● What to produce
None of the images should appear in your copy. Transcribe the data in full.

● Recorded data
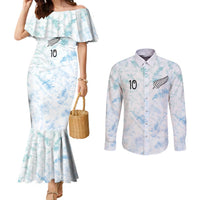 Custom New Zealand Football Couples Matching Mermaid Dress and Long Sleeve Button Shirt The Whites-Aotearoa Inspired LT03 White - Polynesian Pride
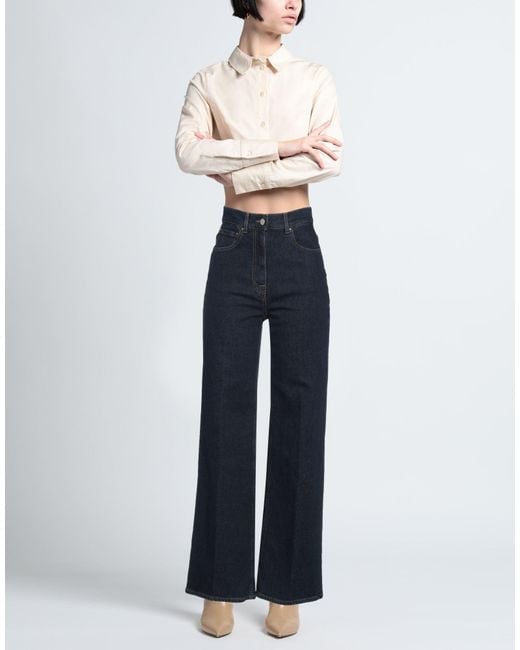Peserico Blue Easy Jeans Cotton, Elastane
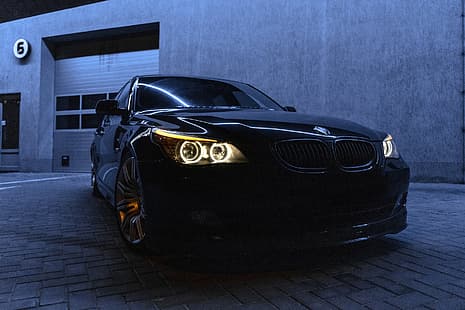 BMW, negro, bmw5, bmw e60, E60, 5, бмв5, бмв525, Fondo de pantalla HD HD wallpaper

● Expected output
 Custom New Zealand Football Couples Matching Mermaid Dress and Long Sleeve Button Shirt The Whites-Aotearoa Inspired LT03 White - Polynesian Pride
Peserico Blue Easy Jeans Cotton, Elastane
 BMW, negro, bmw5, bmw e60, E60, 5, бмв5, бмв525, Fondo de pantalla HD HD wallpaper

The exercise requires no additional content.